**Directions:** Write the data out in full and word for word. Do not include images.

+ + + + +

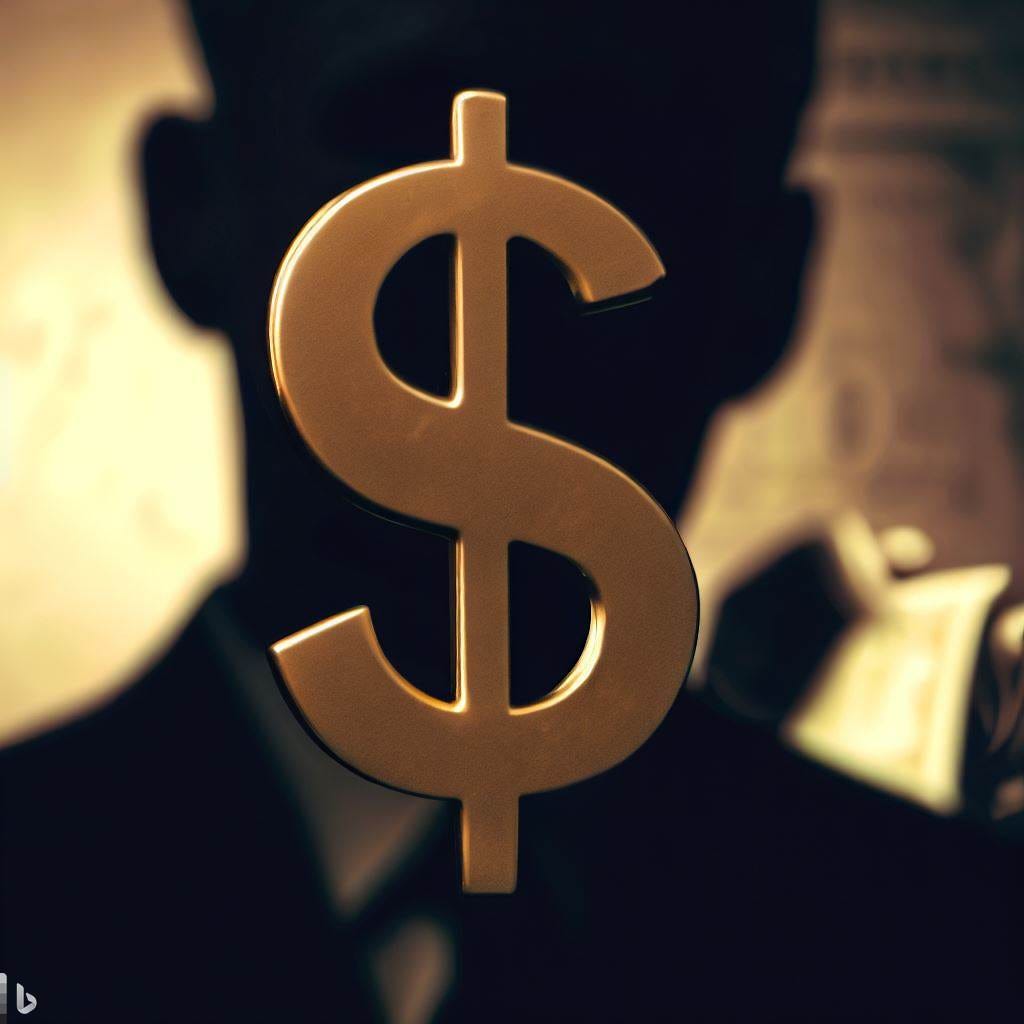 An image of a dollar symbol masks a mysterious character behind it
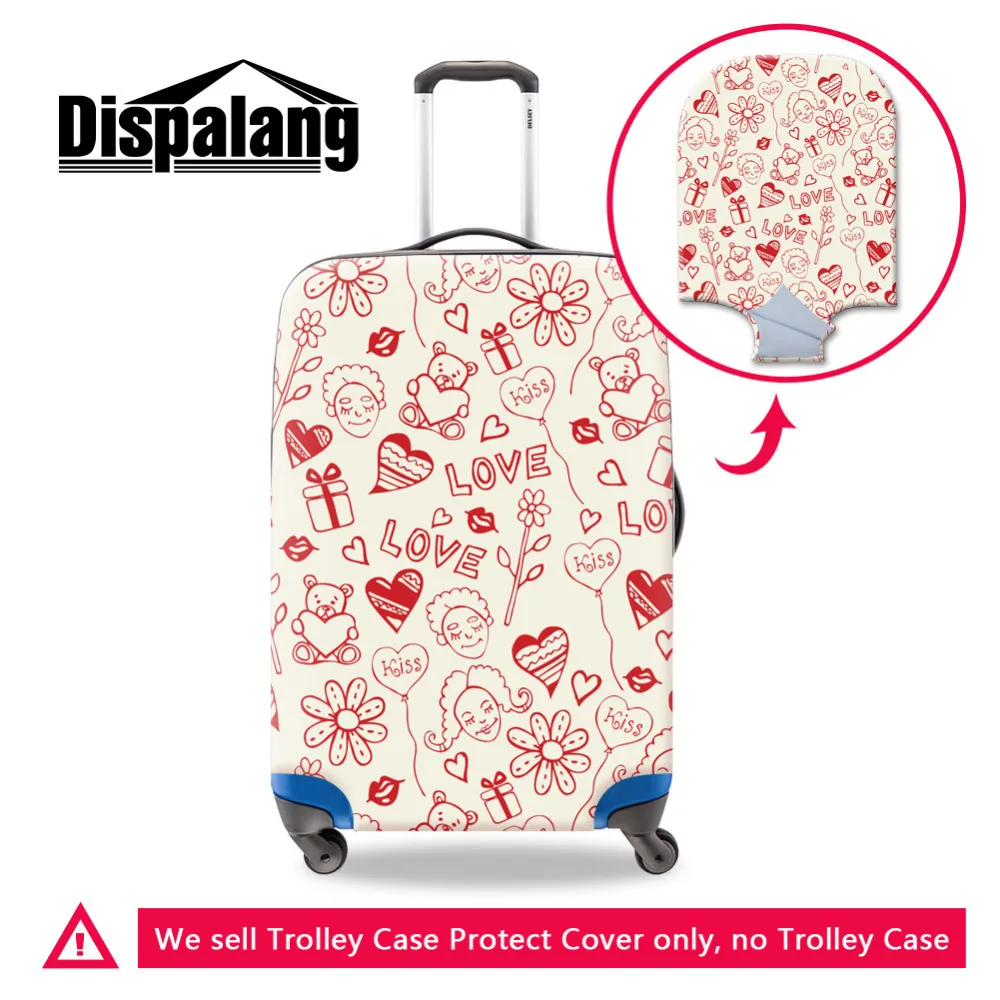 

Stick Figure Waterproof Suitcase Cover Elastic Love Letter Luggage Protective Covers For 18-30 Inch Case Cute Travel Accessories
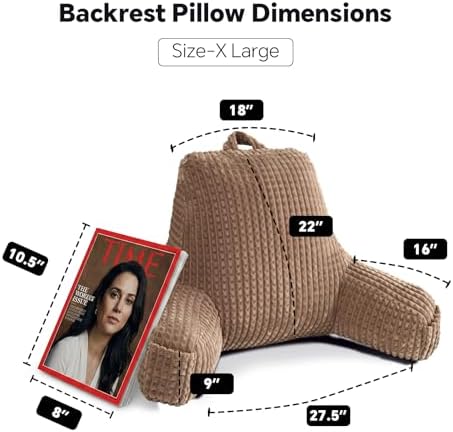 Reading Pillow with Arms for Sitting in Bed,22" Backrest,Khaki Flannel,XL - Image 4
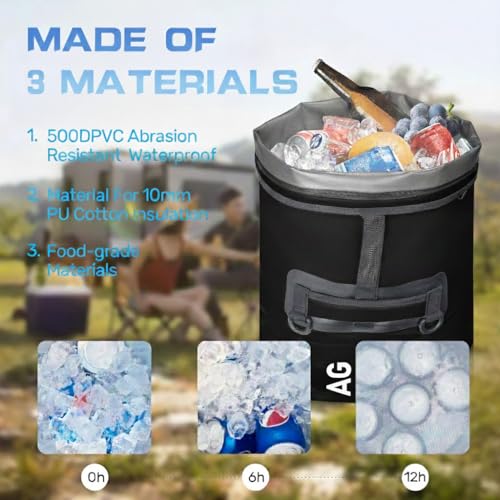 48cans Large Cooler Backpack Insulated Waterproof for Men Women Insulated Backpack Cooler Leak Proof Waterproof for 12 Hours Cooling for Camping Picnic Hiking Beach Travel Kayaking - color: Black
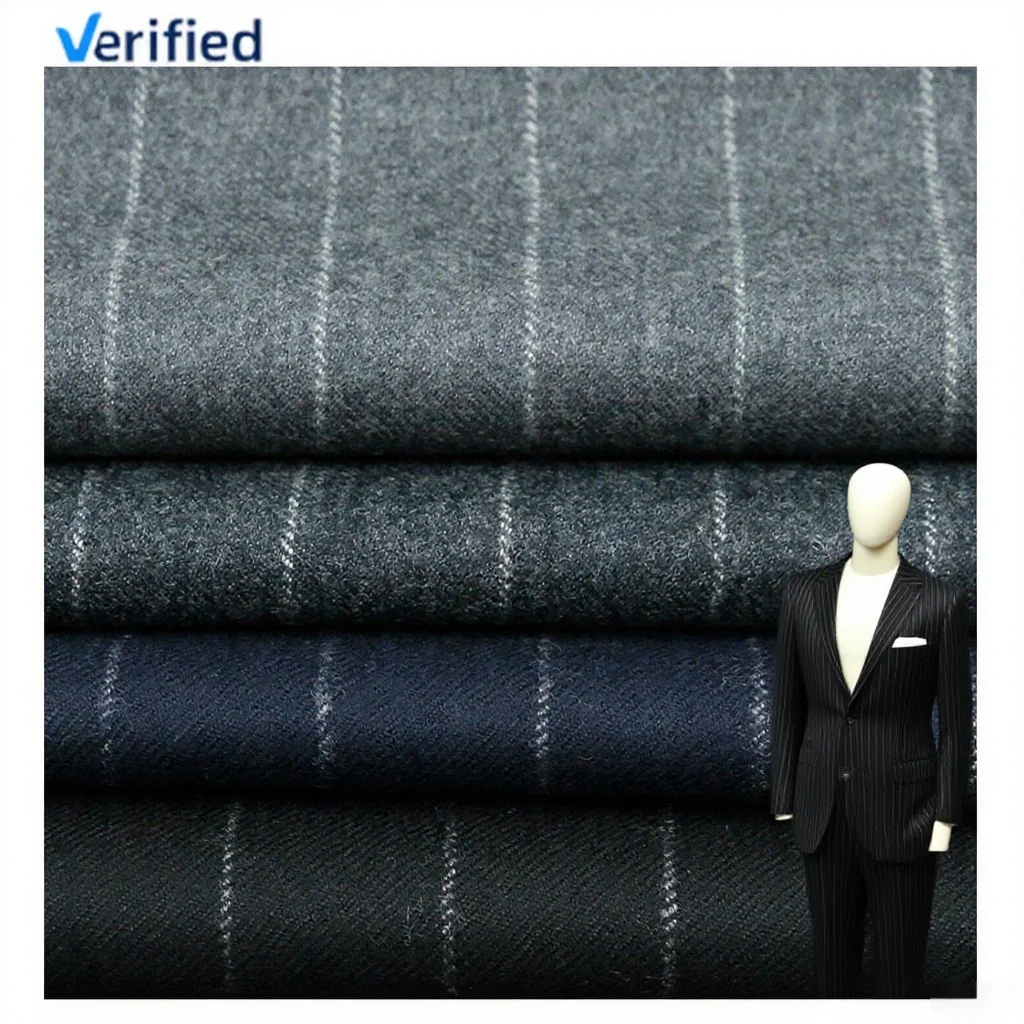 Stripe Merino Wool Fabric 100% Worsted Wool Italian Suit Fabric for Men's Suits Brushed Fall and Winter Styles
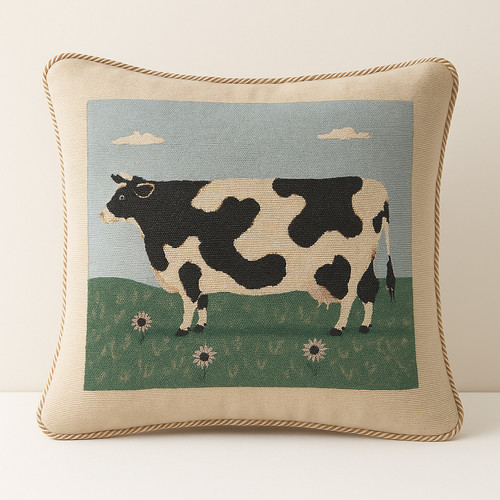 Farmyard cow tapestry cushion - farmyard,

+ + + + +

**Expected answer:**
 An image of a dollar symbol masks a mysterious character behind it

Stick Figure Waterproof Suitcase Cover Elastic Love Letter Luggage Protective Covers For 18-30 Inch Case Cute Travel Accessories
 Reading Pillow with Arms for Sitting in Bed,22" Backrest,Khaki Flannel,XL - Image 4
 48cans Large Cooler Backpack Insulated Waterproof for Men Women Insulated Backpack Cooler Leak Proof Waterproof for 12 Hours Cooling for Camping Picnic Hiking Beach Travel Kayaking - color: Black
 Stripe Merino Wool Fabric 100% Worsted Wool Italian Suit Fabric for Men's Suits Brushed Fall and Winter Styles
 Farmyard cow tapestry cushion - farmyard,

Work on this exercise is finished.